Beginning with the line that holds "Calls grow to" and ending with the last line of the entries below, copy every line exactly and nothing else, with the pictures left out.

——

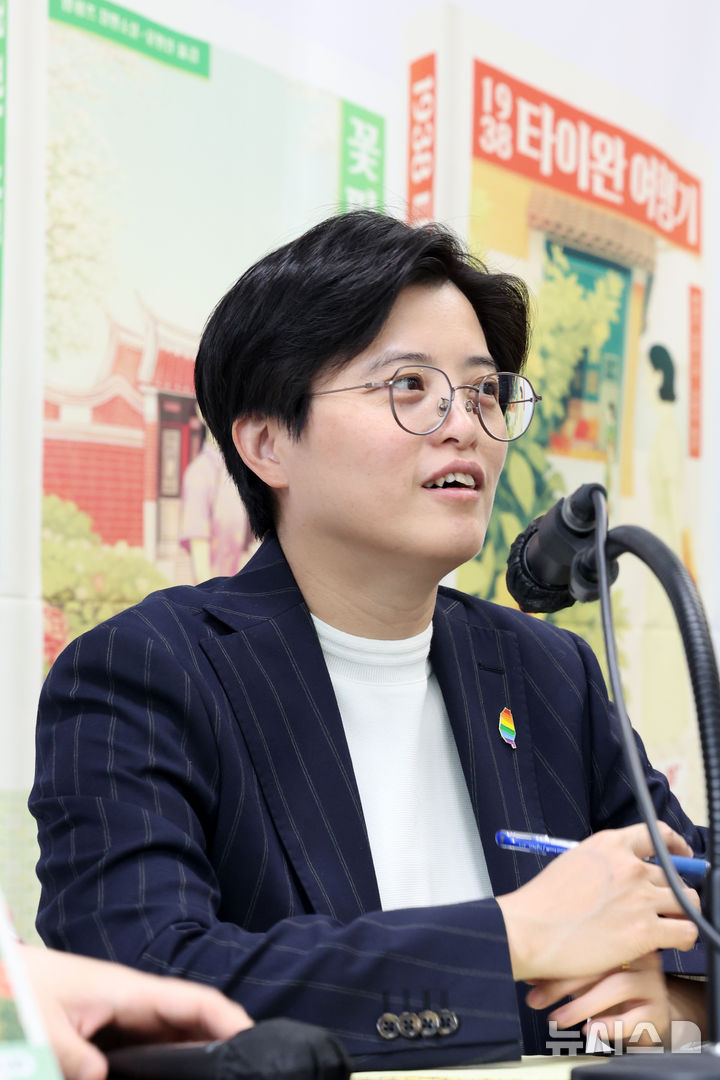 [서울=뉴시스] 박진희 기자 = 부커상 수상 작가 양솽쯔가 1일 서울 중구 스페이스에이드에서 내한 기자간담회를 하고 있다. 2026.06.01. pak7130@newsis.com
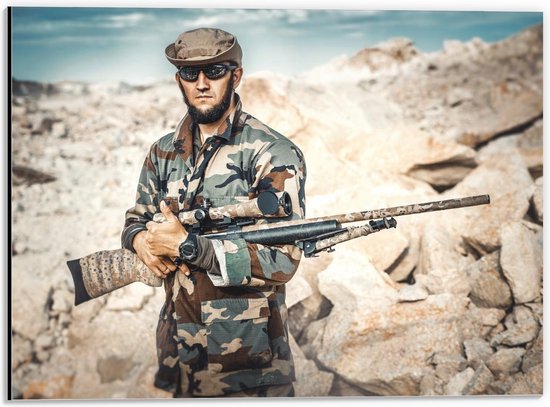 Dibond - Militair Met Groot Geweer en Camouflage Pak - 40x30cm Foto op Aluminium (Met Ophangsysteem)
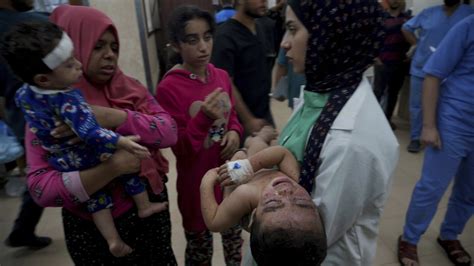 Calls grow to evacuate Gaza’s largest hospital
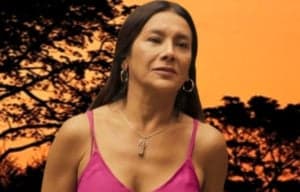 Pantanal - Filó (Dira Paes) terá um final extremamente doloroso e melancólico no último capítulo da novela das nove da Globo (Foto: Reprodução / Globo / Montagem TV Foco) Pantanal - Filó (Dira Paes) terá um final extremamente doloroso e melancólico no último capítulo da novela das nove da Globo (Foto: Reprodução / Globo / Montagem TV Foco)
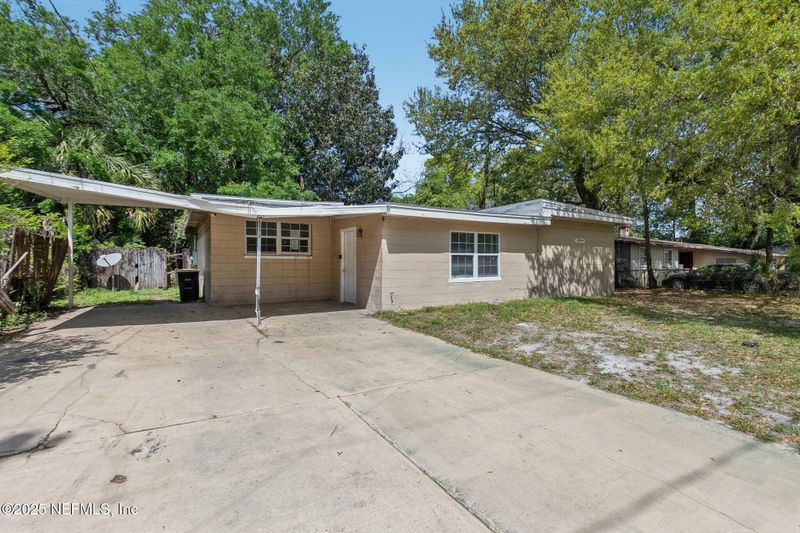 7169 Koleda Dr, Jacksonville, FL 32210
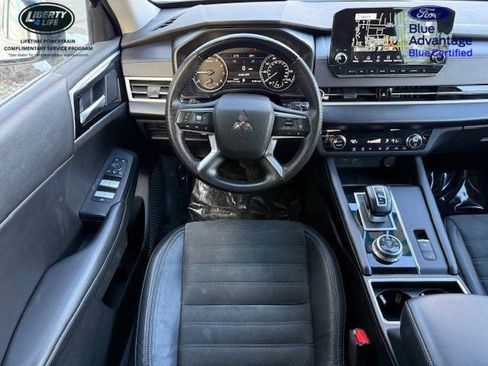 Used 2023 Mitsubishi Outlander SE image 27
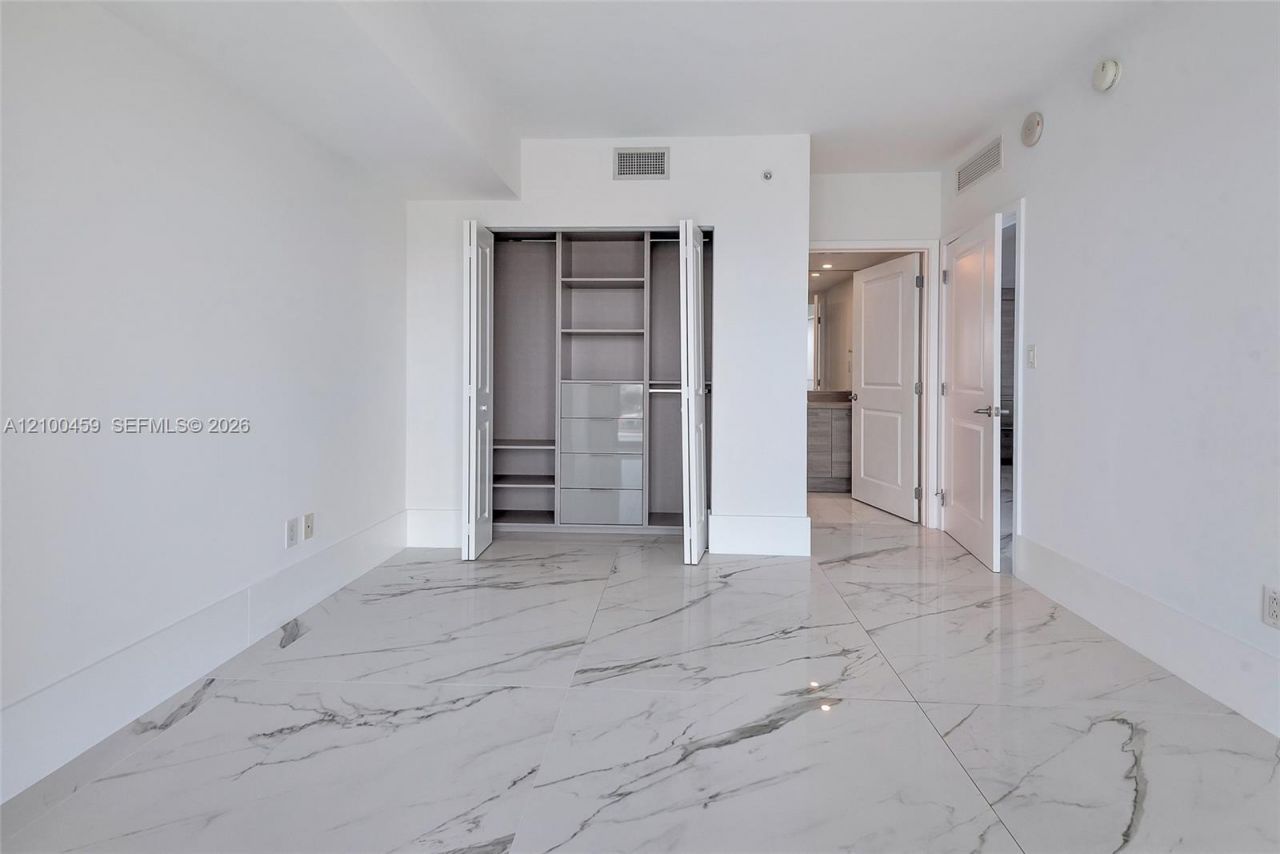 400 Sunny Isles Blvd , Unit 917, Sunny Isles Beach, FL 33160 Photo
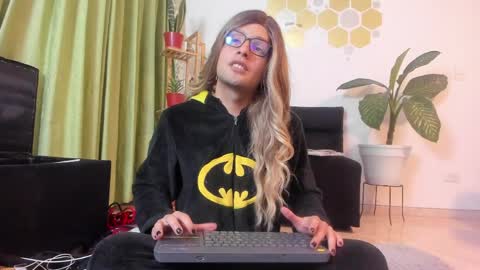 Snapshot of lukacastillo chatting on 05-19-26, 03:24 Luka Castillo online show from 05-19-26, 03:24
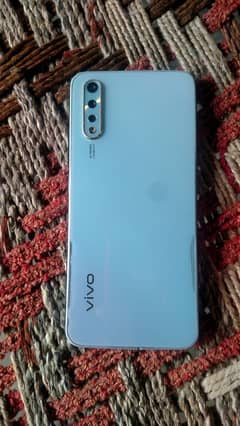 vivo s1 no box sath charge ha 20huzair k 0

——

* [Solution to this problem]:
 Calls grow to evacuate Gaza’s largest hospital
 Pantanal - Filó (Dira Paes) terá um final extremamente doloroso e melancólico no último capítulo da novela das nove da Globo (Foto: Reprodução / Globo / Montagem TV Foco) Pantanal - Filó (Dira Paes) terá um final extremamente doloroso e melancólico no último capítulo da novela das nove da Globo (Foto: Reprodução / Globo / Montagem TV Foco)
 7169 Koleda Dr, Jacksonville, FL 32210
 Used 2023 Mitsubishi Outlander SE image 27
 400 Sunny Isles Blvd , Unit 917, Sunny Isles Beach, FL 33160 Photo
 Snapshot of lukacastillo chatting on 05-19-26, 03:24 Luka Castillo online show from 05-19-26, 03:24
 vivo s1 no box sath charge ha 20huzair k 0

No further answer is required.